It was just about two years ago that my late friend Michael, about whom I’ve written before, and I had the following exchange on Facebook chat. He was very Southern and conservative in his manner, and I am very neither. We were great friends. Now and again, we’d bicker about politics but always got along. After one such exchange, he sent me the picture above, a token of reconciliation.
Michael: That is a colorized photo from the 50th anniversary of the Battle of Gettysburg.
A few minutes later, he wrote again, with a question that, I realize, meant a great deal to him and, as it turned out, to me as well.
Michael: You have heard of Gettysburg, but does it haunt you? Were you haunted by it?
Chris: Not especially.
Michael: My point.
Chris: You win some, you lose some.
Michael: And some shape you and your people.
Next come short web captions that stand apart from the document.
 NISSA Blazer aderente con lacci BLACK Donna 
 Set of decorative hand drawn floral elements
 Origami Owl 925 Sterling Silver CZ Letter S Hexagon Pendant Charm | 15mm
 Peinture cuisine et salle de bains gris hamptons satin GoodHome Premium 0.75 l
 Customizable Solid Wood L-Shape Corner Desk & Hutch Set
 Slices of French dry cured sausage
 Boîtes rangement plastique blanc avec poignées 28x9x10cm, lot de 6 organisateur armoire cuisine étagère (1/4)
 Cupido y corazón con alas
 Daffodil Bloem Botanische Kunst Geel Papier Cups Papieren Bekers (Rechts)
The next day, Michael wrote me again.
Michael: Look at the Germans trying to decide what to do with the Nuremberg stadium. They cannot bulldoze it. They are at a point of doubt. So many fought to make this great. It was wrong. We were on the wrong side. You do not have this guilt. (not Nazi but Confederate)
Chris: It’s an interesting word, “we.” Why not characterize the Confederacy as “they”? The cause they fought for was wrong, although there’s much to admire about them. On the other hand, I can recall talking with a fellow Irish-American (over beers, of course) on Cape Cod about the issue of reparations. “My ancestors never owned any slaves,” he said, noting that his people –like my own–hadn’t arrived in American until the 1920s. My counterargument was that, when our ancestors voluntarily became American citizens, they took on the blessings as well as the burdens of that identity. So, I guess what I’m saying is, it’s our history, yours and mine. We can use it to hold ourselves back or push ourselves forth as we like. As long as we do so in an honest way, we our free to do with it what we like– we’re just not at liberty to ignore it.
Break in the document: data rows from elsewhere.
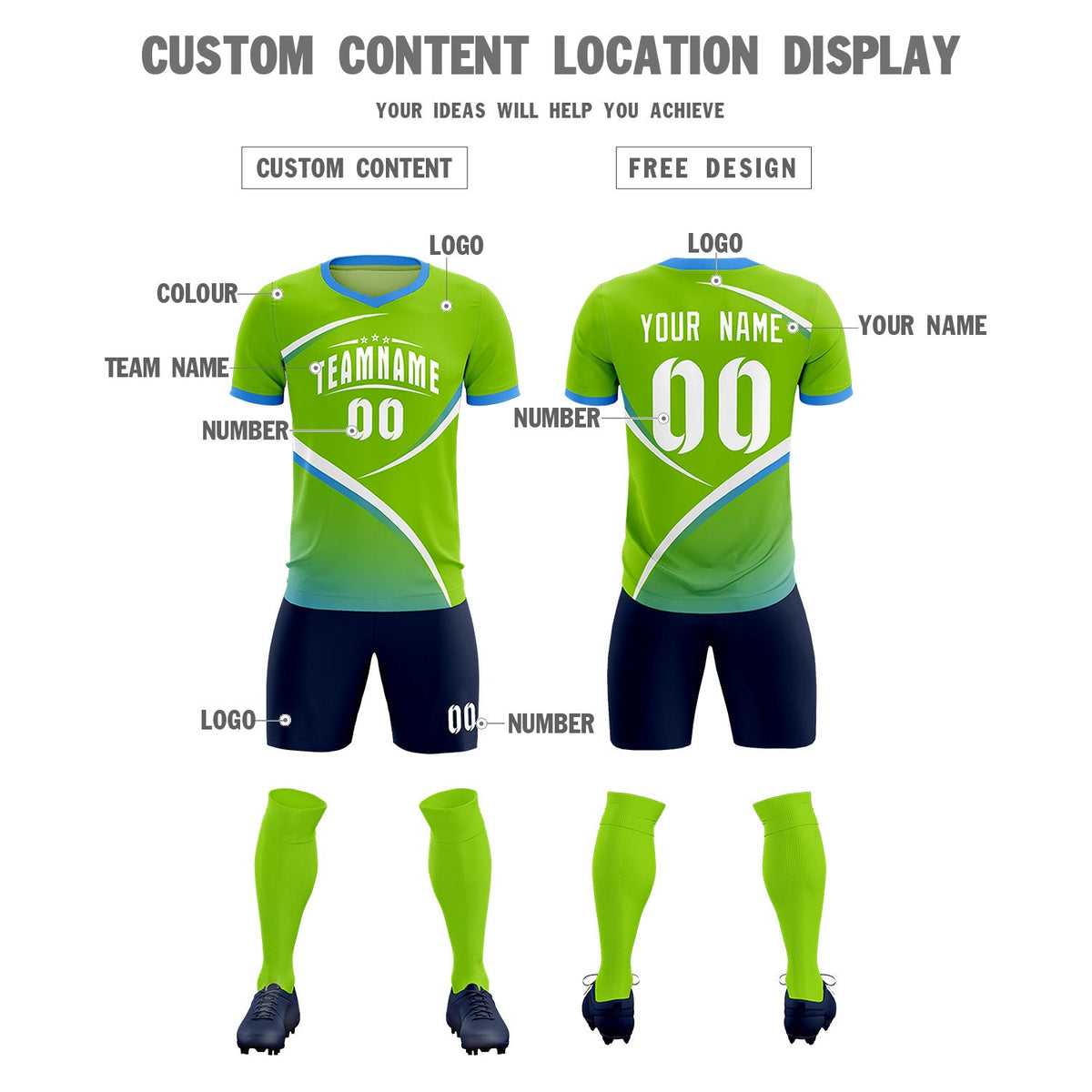 Custom Neon Green Powder Blue Color Block Training Uniform For Men Soccer Sets Jersey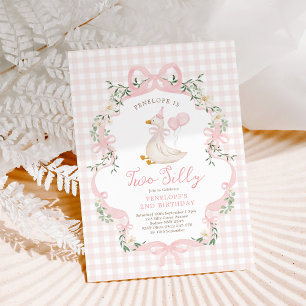 Twee Gekke Goose Pink Bow Girl 2e verjaardag Kaart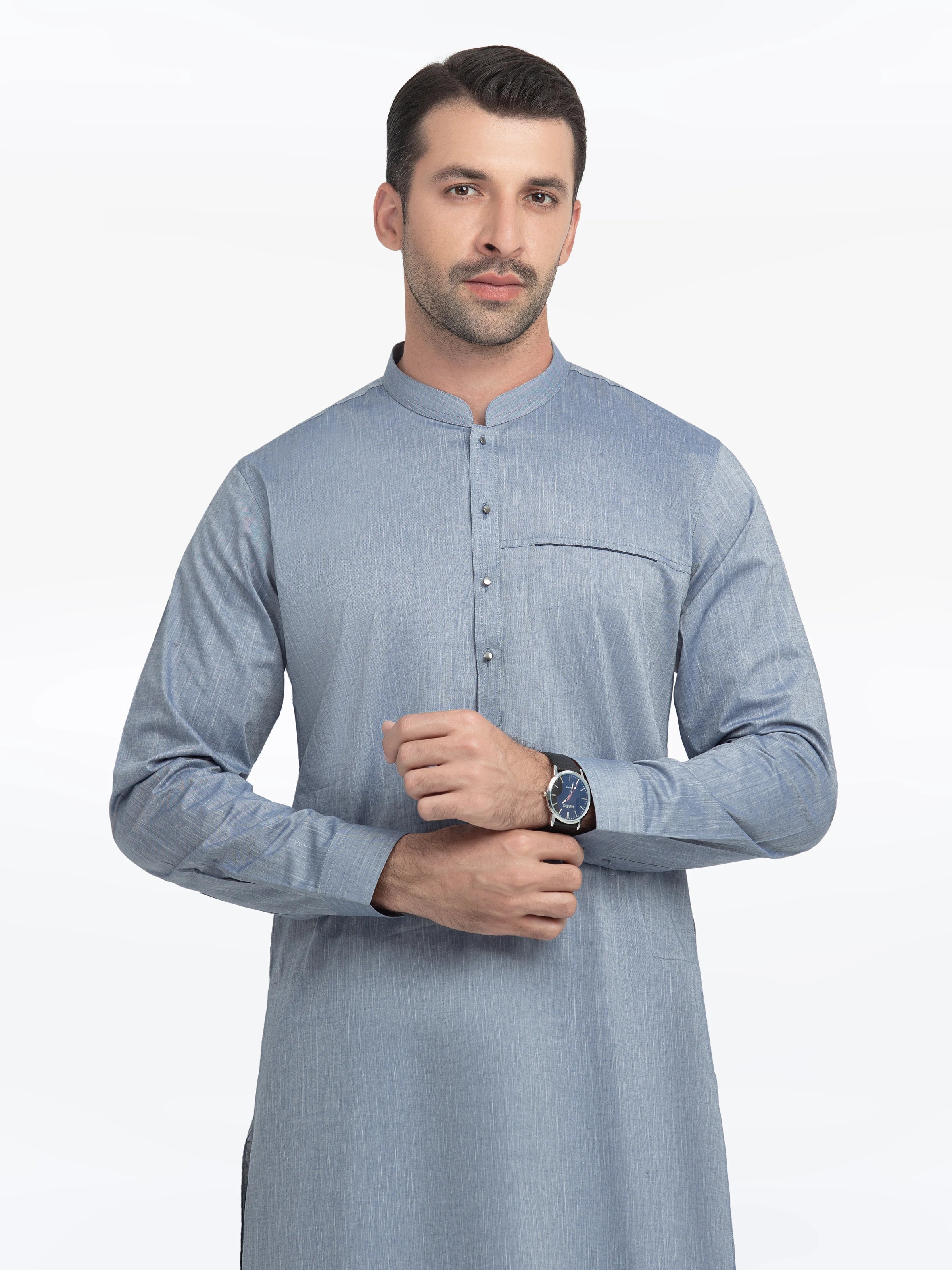 Men's Blue Kurta Pajama - EMTKPT5-058 - Image 2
Michael: Agreed. I inherited “we”. It was handed down to me from my Great Aunt Lucy through my Mother in things said and left unsaid. It is what I am.
Chris: It’s been a formative inheritance, to be sure. Still, you do not have to accept that burden of guilt as your own.
He didn’t respond to this. We were in touch again, about a week later, on another matter. After that, Michael sort of disappeared. In a couple of months, he would be dead. How I wish he were still with us, so I could still be arguing with and learning from him.